Esa punzada es, creo, la que nos obliga a no rendirnos. A no permitir que el relato se cierre. A no aceptar la compasión como forma de resignación. A seguir hablando, escribiendo, luchando, porque aún hay vidas que pueden salvarse. Porque aún hay cuerpos que pueden sanar. Porque aún hay personas que resisten. Porque hay un pueblo entero al que le debemos no solo lamentos y disculpas, sino ser verdaderamente sus aliados en la lucha. Porque el genocidio no se detiene con imágenes, pero el olvido sí se combate con memoria encarnada.

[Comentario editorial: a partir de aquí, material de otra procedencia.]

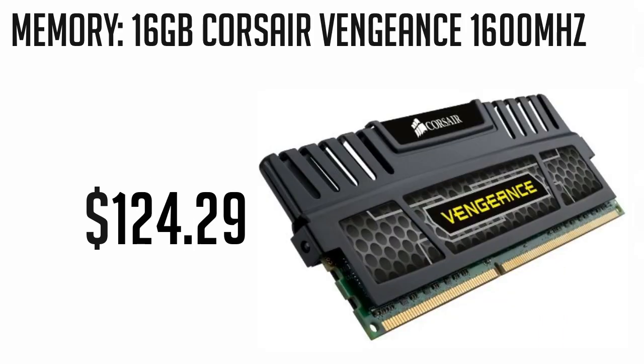Now for the memory, we're going with 16GB of DDR3 memory at 1600MHz. This will prove very handy when doing heavy rendering or encoding and will be $124.29.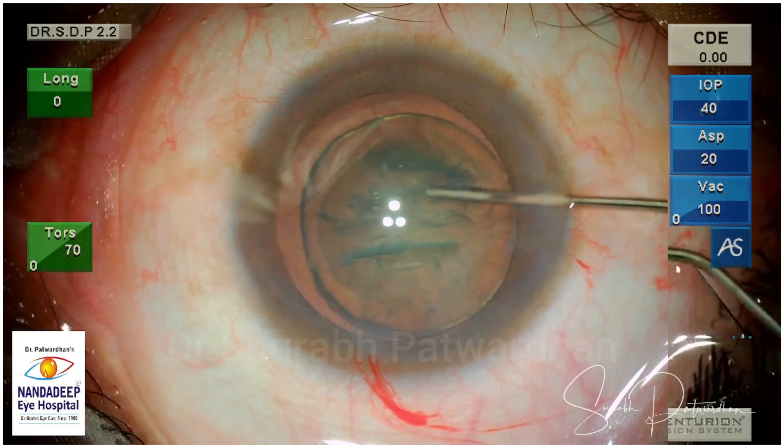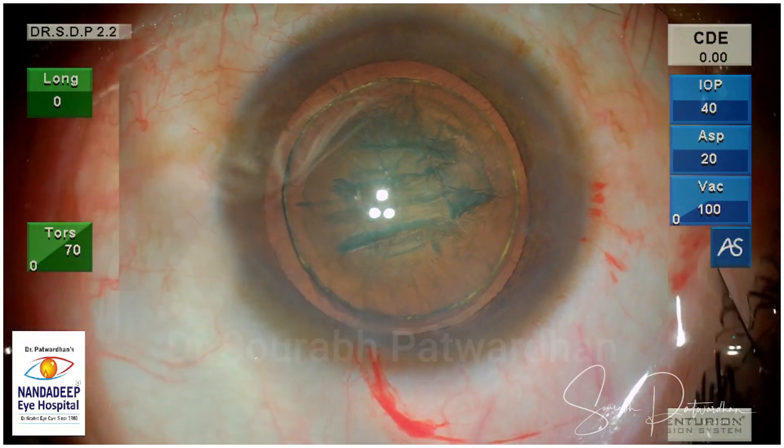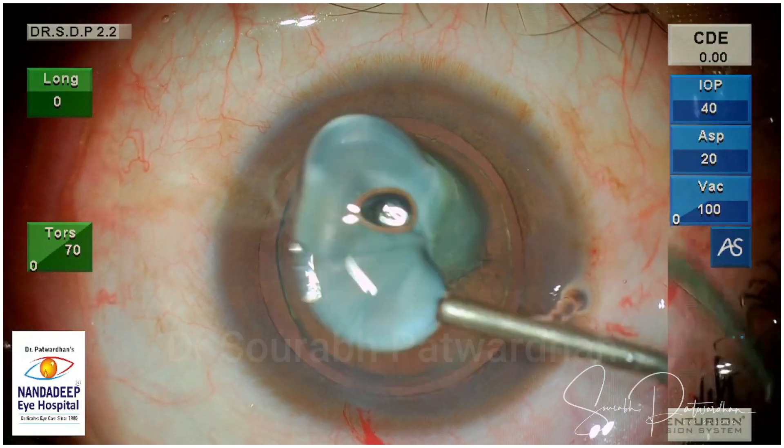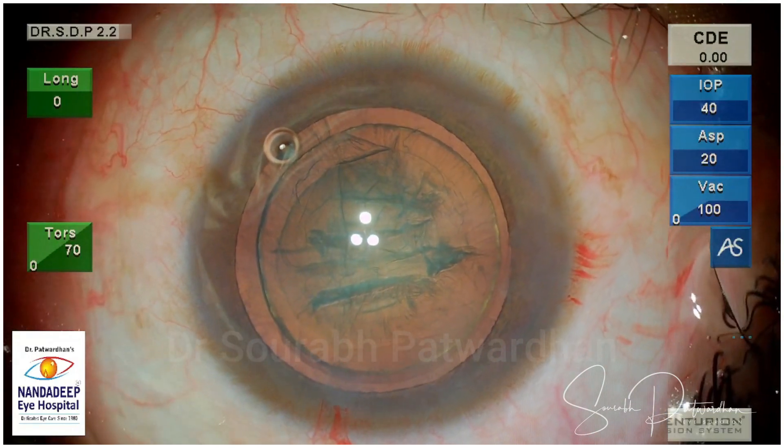You can see the beautiful golden ring — and not just the golden ring, but it is complete. You can see some cleavage between the cortex and the nucleus, there is some separation. That indicates that the nucleus is now separated from the EP Nucleus.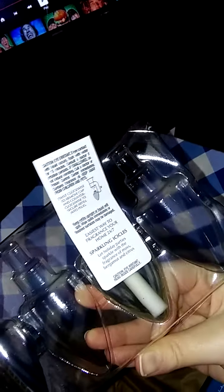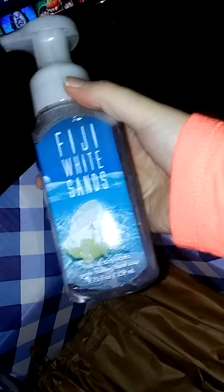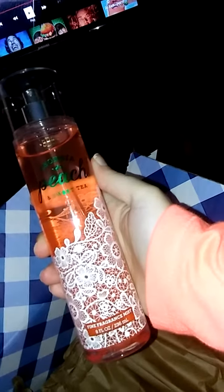I got the little warmer things you plug up in the wall, and I got that scent, and I got this soap. And then I got this spray, and that's all that I got in here. This is my first time doing this, so it is what it is.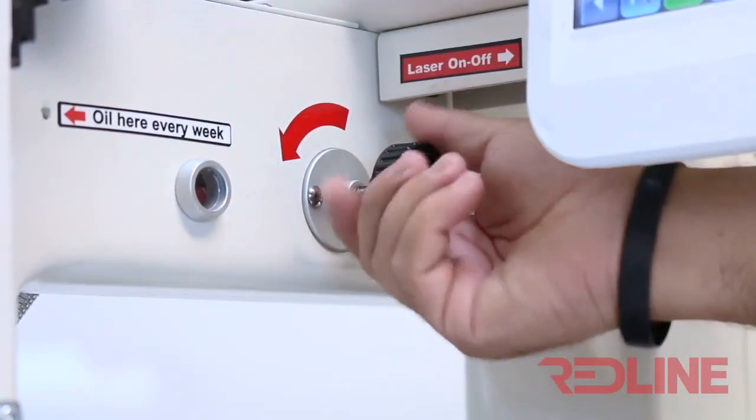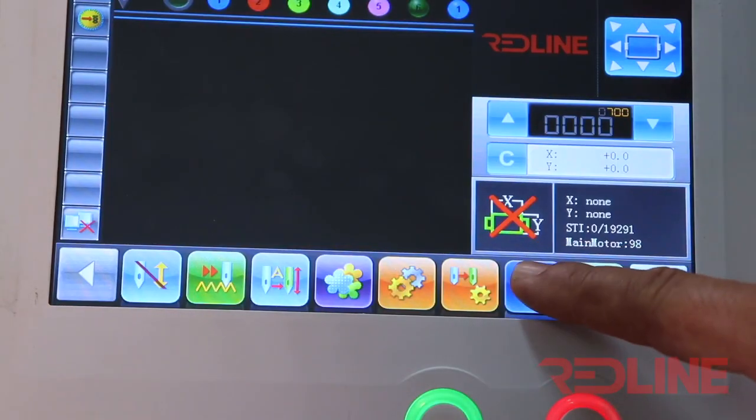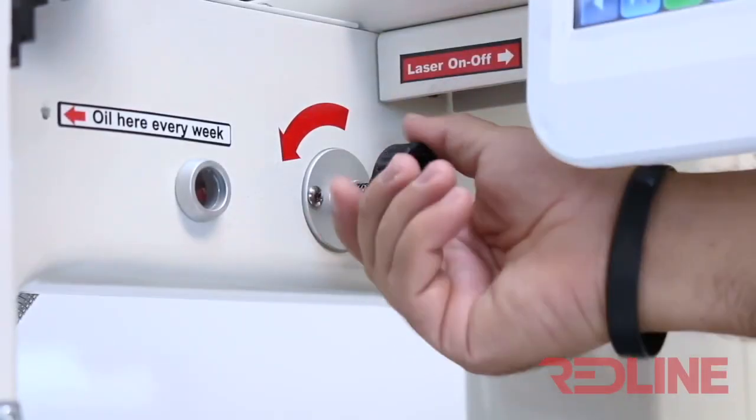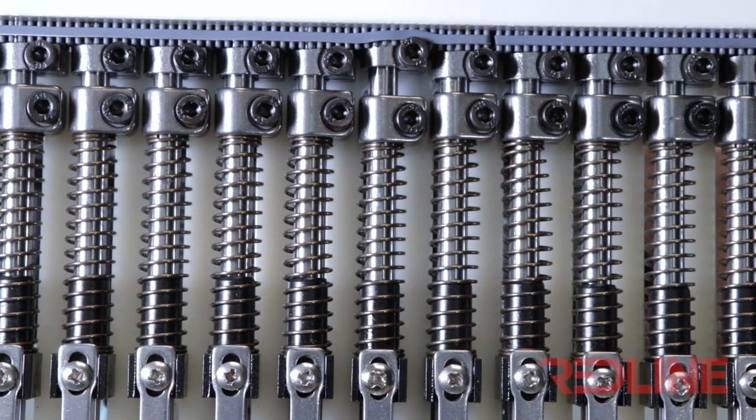Manually load the needle to confirm if the needle bar is moving down. If the needle is moving down, then you have finished the adjustment. If on the upper ring you observe pressure, you must readjust the upper ring.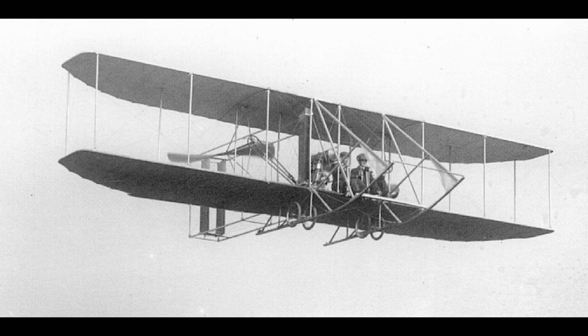The airplane ran down the rail on two modified bicycle wheel hubs.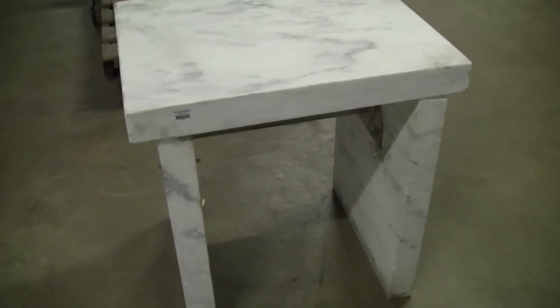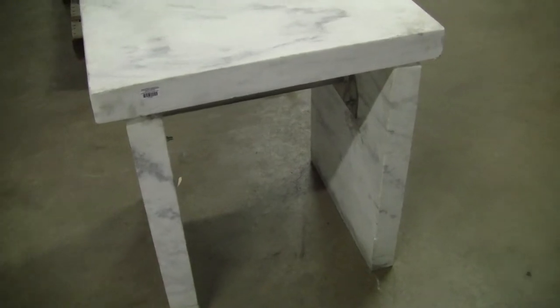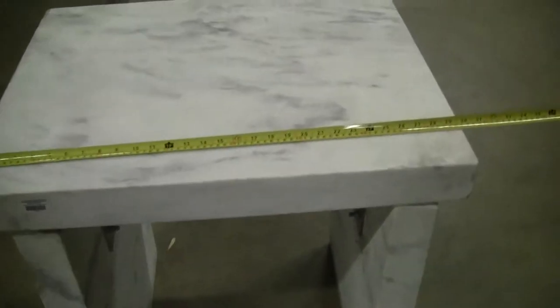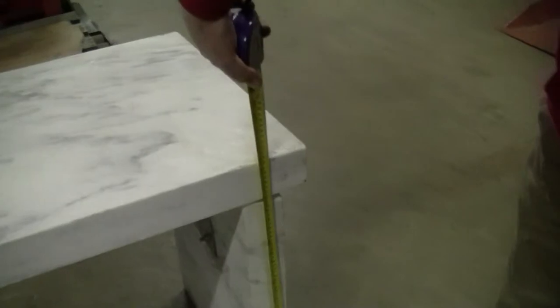Hi, I'm Michael Maitow from Hi-Tech Trader. Today we're looking at a classic marble balance table. The dimensions are 30 inches by 24 inches deep, and the height is 31 inches.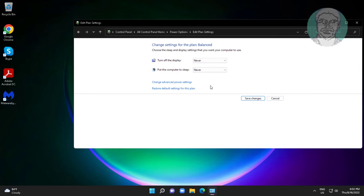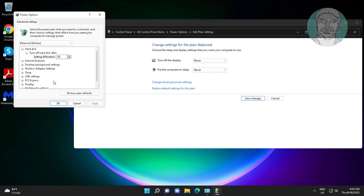Click 'Change advanced power settings.' Click and expand PCI Express, click and expand Link State Power Management, select Off, click Apply, then click OK.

No todo está perdido, aunque todo haya sido diseñado para que así lo parezca  

Insistir en que el genocidio ha cruzado un umbral no significa caer en el derrotismo. Al contrario. Nombrar ese umbral es rechazar la falsa promesa de que aún estamos a tiempo de impedirlo. Es reconocer que ya ha sucedido, que está sucediendo, y que solo interrumpiendo su continuidad podremos proteger lo que queda. No hay vidas de reemplazo. No hay comunidades equivalentes. Lo que se destruye no es solo un número, es una historia vivida, un lenguaje, un tejido, una posibilidad de mundo.

Decir que aún se pueden salvar vidas no es consuelo. Es una exigencia política. Significa cortar los suministros de armas. Significa interrumpir los acuerdos comerciales. Significa suspender las relaciones diplomáticas. Significa dejar de premiar al verdugo con fondos y legitimidad. Significa también, desde Europa, dejar de fingir neutralidad o tener las manos atadas. Porque la complicidad no se mide solo por lo que se dice, sino por lo que se sigue haciendo mientras se dice.

Aún hay cuerpos que esperan atención médica. Aún hay enfermas que necesitan alimentos. Aún hay madres buscando a sus hijos bajo escombros. No basta con reconocer su dolor. Hay que actuar para que vivan.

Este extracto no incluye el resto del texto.